● **Data below**:
────────────────

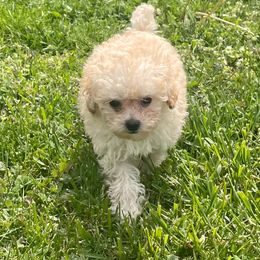 Maltese, Maltipoo, Poodle, and Yorkshire Terrier Puppies from Paw Perfect Pets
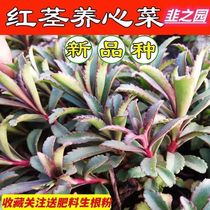 Red Stem Nourishing Cabbage Red Stem Salvation Dish With Selenium High Calcium Vegetable Feds Mosquitoes Grass Mosquito Bites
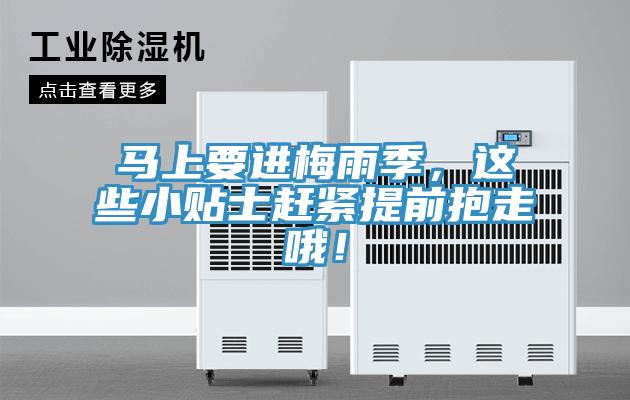 馬上要進(jìn)梅雨季，這些小貼士趕緊提前抱走哦！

────────────────

Write out the whole listing above exactly; do not include the pictures.

 Maltese, Maltipoo, Poodle, and Yorkshire Terrier Puppies from Paw Perfect Pets
 Red Stem Nourishing Cabbage Red Stem Salvation Dish With Selenium High Calcium Vegetable Feds Mosquitoes Grass Mosquito Bites
 馬上要進(jìn)梅雨季，這些小貼士趕緊提前抱走哦！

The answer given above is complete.